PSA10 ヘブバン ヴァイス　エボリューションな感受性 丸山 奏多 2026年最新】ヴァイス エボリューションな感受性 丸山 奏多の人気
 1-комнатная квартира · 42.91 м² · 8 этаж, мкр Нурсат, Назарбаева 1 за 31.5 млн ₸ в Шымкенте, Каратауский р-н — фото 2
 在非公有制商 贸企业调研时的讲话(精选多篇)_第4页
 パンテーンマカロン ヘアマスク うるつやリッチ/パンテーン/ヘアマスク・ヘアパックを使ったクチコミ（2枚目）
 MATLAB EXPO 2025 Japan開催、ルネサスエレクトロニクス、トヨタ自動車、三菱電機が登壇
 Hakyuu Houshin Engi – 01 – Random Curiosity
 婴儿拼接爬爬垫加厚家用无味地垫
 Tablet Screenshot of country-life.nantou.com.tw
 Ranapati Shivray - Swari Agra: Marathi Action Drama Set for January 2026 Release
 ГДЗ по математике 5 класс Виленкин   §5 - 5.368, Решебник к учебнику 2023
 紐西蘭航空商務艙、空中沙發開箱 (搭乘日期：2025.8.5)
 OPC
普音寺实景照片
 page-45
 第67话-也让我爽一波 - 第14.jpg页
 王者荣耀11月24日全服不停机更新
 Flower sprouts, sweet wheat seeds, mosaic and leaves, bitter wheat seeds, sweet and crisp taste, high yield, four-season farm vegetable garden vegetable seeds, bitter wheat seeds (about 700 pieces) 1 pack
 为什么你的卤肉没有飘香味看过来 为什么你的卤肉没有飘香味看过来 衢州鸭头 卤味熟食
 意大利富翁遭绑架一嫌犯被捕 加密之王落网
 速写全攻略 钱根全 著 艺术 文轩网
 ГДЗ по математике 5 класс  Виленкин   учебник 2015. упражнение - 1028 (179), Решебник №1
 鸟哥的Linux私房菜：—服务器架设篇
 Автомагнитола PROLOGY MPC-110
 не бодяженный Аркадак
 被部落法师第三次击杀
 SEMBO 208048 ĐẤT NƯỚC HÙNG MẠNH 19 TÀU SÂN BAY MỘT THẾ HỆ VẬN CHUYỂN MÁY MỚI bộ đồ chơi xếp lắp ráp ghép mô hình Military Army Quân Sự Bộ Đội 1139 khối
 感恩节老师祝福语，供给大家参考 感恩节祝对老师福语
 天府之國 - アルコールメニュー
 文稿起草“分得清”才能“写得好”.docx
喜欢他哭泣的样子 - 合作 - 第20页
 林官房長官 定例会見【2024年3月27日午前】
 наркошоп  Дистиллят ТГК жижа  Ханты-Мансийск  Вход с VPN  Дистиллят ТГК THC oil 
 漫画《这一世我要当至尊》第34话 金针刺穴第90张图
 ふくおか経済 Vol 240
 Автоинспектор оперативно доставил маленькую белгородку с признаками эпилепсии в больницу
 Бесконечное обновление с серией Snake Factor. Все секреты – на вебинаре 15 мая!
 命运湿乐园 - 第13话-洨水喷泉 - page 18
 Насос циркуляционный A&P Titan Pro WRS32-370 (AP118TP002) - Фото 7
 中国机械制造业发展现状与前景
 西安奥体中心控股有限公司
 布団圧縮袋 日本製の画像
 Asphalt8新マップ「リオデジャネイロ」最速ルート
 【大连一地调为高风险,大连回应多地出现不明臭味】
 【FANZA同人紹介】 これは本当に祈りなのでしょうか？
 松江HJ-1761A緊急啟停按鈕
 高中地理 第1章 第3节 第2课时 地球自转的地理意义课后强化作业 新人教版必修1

**ACTIVITY**: Make an exact copy of each line, beginning at the one containing "鸟哥的Linux私房菜：—服务器架设篇" and ending with the last line of the data, and of no other line.

**SOLUTION TO THIS EXERCISE**:
 鸟哥的Linux私房菜：—服务器架设篇
 Автомагнитола PROLOGY MPC-110
 не бодяженный Аркадак
 被部落法师第三次击杀
 SEMBO 208048 ĐẤT NƯỚC HÙNG MẠNH 19 TÀU SÂN BAY MỘT THẾ HỆ VẬN CHUYỂN MÁY MỚI bộ đồ chơi xếp lắp ráp ghép mô hình Military Army Quân Sự Bộ Đội 1139 khối
 感恩节老师祝福语，供给大家参考 感恩节祝对老师福语
 天府之國 - アルコールメニュー
 文稿起草“分得清”才能“写得好”.docx
喜欢他哭泣的样子 - 合作 - 第20页
 林官房長官 定例会見【2024年3月27日午前】
 наркошоп  Дистиллят ТГК жижа  Ханты-Мансийск  Вход с VPN  Дистиллят ТГК THC oil 
 漫画《这一世我要当至尊》第34话 金针刺穴第90张图
 ふくおか経済 Vol 240
 Автоинспектор оперативно доставил маленькую белгородку с признаками эпилепсии в больницу
 Бесконечное обновление с серией Snake Factor. Все секреты – на вебинаре 15 мая!
 命运湿乐园 - 第13话-洨水喷泉 - page 18
 Насос циркуляционный A&P Titan Pro WRS32-370 (AP118TP002) - Фото 7
 中国机械制造业发展现状与前景
 西安奥体中心控股有限公司
 布団圧縮袋 日本製の画像
 Asphalt8新マップ「リオデジャネイロ」最速ルート
 【大连一地调为高风险,大连回应多地出现不明臭味】
 【FANZA同人紹介】 これは本当に祈りなのでしょうか？
 松江HJ-1761A緊急啟停按鈕
 高中地理 第1章 第3节 第2课时 地球自转的地理意义课后强化作业 新人教版必修1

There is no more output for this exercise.